Entre Sékou Touré et Houpheit Boigny, notre choix est vite fait. De même entre Hassan II et Boumediene, nous préférons les investissements impactants aux discours romantiques contre l’impérialisme. La Chine a rattrapé l’Amérique à force de silence et de travail pendant que Mugabe et Maduro ont engouffré leur pays dans des inflations kilomètriques de discours et de prix des denrées de base.
L’échec des présidents démocratiquement élus à Bamako, à Conakry et à Ougadougou n’est pas l’échec de la démocratie. Celle- ci suppose certes un équilibre entre les trois pouvoirs mais aussi un engagement citoyen constant doublé de la culture démocratique, de la soumission à la règle du droit et de la transparence.
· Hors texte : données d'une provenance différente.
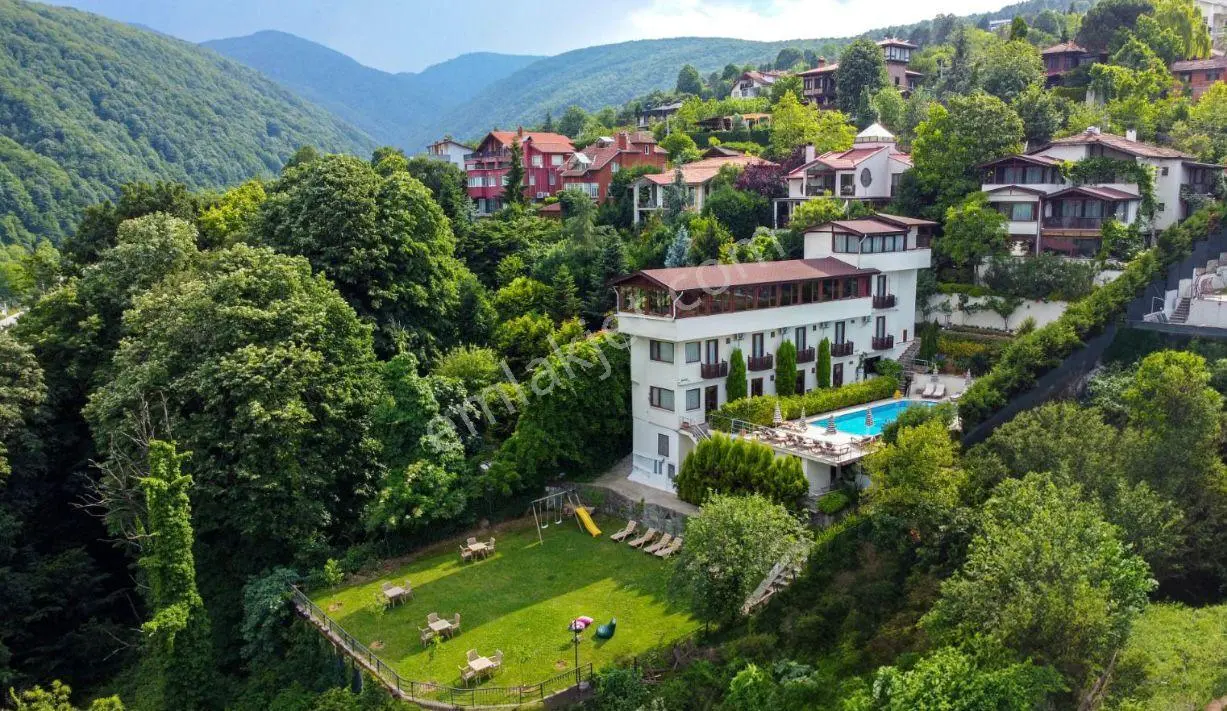 Sapanca'da Doğayla İç İçe, Muhteşem Göl Manzaralı Satılık Otel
D’aucuns rappellent que la démocratie n’a jamais développé de pays, invoquant les exemples de dirigistes asiatiques qui auraient réussi à sortir leur pays de la pauvreté, la cravache à la main. En effet, la dimension culturelle du confucianisme basée sur le mérite, la transparence, la discipline et la saine compétition font de Singapour et de Malaisie des quasi-casernes militaires où la valeur -travail sert lieu de lien social et d’ascenseur pour les plus méritants. Les dirigistes asiatiques, certes réservés sur les libertés individuelles et peu adeptes des acquis sociaux comme les droits de grève, n’en restent pas moins garants de la saine compétition, de la nécessité du développement humain (santé et éducation) et du patriotisme économique là où un Bokassa, un Idi Amin Dadda et un Mobutu avaient d’autres ambitions.
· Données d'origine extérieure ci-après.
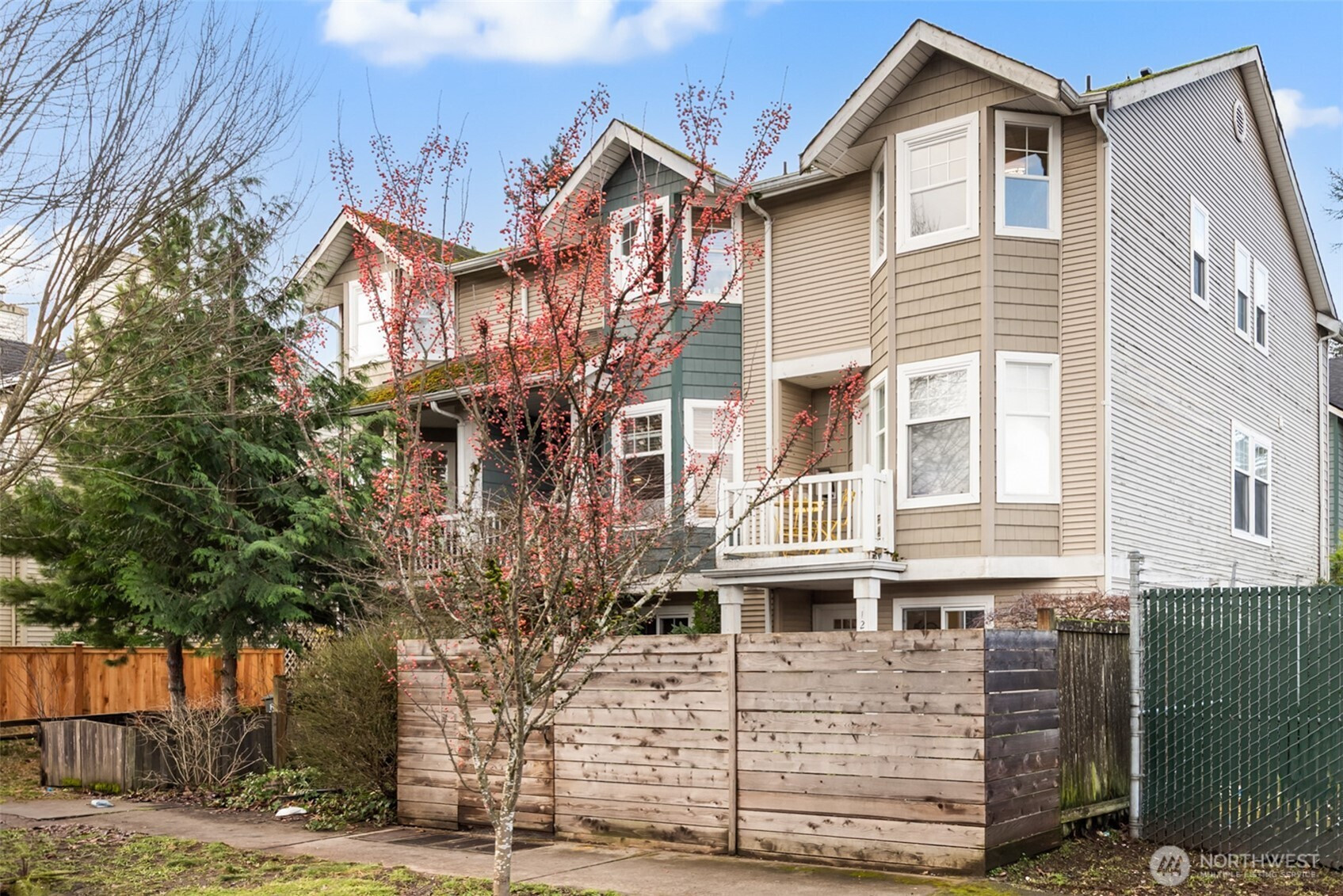 12535 27th Avenue NE, Seattle, WA 98125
Pour sûr, chaque pays suit son cheminement dicté par son histoire, sa culture et l’engagement citoyen. De cette synthèse nait la terrible sentence de Montesquieu: «les peuples ont le gouvernement qu’ils méritent». En effet, sans engagement citoyen, les lois et les institutions se vident de leur esprit pour n’en garder que la lettre, appelée en rescousse à chaque fois par les princes de la cité. C’est pourquoi ceux parmi les citoyens, élites, journalistes et technocrates qui jettent la pierre à Condé devront d’abord se demander s’ils n’ont pas failli dans leur devoir citoyen de vigile en faction pour préserver les acquis démocratiques. Ces acquis fragiles au niveau national ont besoin des garanties régionales et suprarégionales. Le principe de subsidiarité entre la CEDEAO, l’Union Africaine et l’ONU ont permis de contenir bien des appétits militaires, Assimi Goita et les siens étant les exemples les plus récents et les plus parlants. La fermeté opposée à la junte malienne par la communauté internationale est un véritable crash test de la solidité des mécanismes régionaux. Les pays de la CEDEAO qui construisent depuis la chute du mur de Berlin une intégration basée sur le respect de la démocratie et des droits humains ne devraient pas renégocier leurs acquis démocratiques au risque de sombrer dans un succédané de putschs et de transitions attentatoires à leurs économies.